オリンピック放送がNHKと民放によるジャパンコンソーシアム(共同制作機構)になって、20年になるが、民放の絶叫型放送をNHKが否定していることもあり、アナウンサーの実況は、レベルが上がってきている。

まだ序盤戦だが、ここまで見た中で断トツにすごかったのは、NHKの内山俊哉アナのサッカー中継。この人は解説委員までやったあと、現場復帰した48歳のベテランだが、ボールの動きを逐一実況。選手にどのようにパスが渡ったか、どこにスペースが出来たか、選手がどこを見て走り込んでいるかを、細大漏らさず伝える。

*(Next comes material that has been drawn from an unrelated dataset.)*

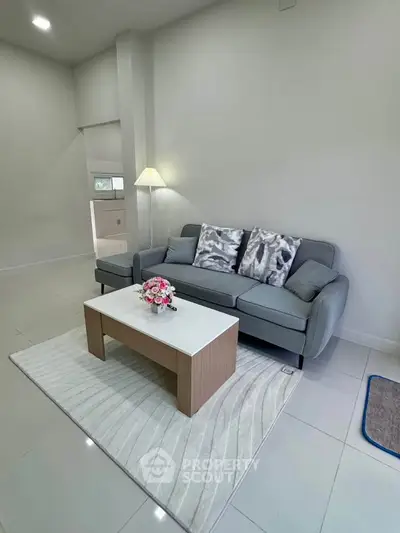 Modern living room with stylish gray sofa and elegant coffee table on a chic rug.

抑制のきいたトーンで、全く乱れることなく淡々と伝える。見ているものは、刻一刻と変わっていく戦況がそのまま頭に入ってくる。

「やべっちFC」でおなじみテレビ朝日の進藤潤耶アナも良かったが、率直に言ってレベルが違う。

NHK内山アナに続いて、フジの竹下陽平アナの柔道。解説の金丸雄介とのコンビネーションがいい。日本の相手選手の得意技が頭に入っていて、どう戦うべきかを的確に話してくれる。

残念だったのが、昨日の競泳。銅メダルラッシュだったが、テレビ朝日中山貴雄アナはうるさいだけで、実況になっていない。女子100背泳ぎ寺川、男子100背泳ぎ入江、女子100平泳ぎ鈴木が、それぞれ後半で追い上げてメダルに手がかかったのだが、全部同じパターンの絶叫。「上がってきた、上がってきた」「どうだー」「銅メダルー!」。声をからすタイミングまで同じである。

映画のコントラプンクトではないが、スポーツそのものが盛り上がっているのだから、実況は抑え気味の方が現場の興奮が伝わるのだ。

全体としては、民放の実況のレベルもすてたものではないとは思うが、その質にばらつきがある。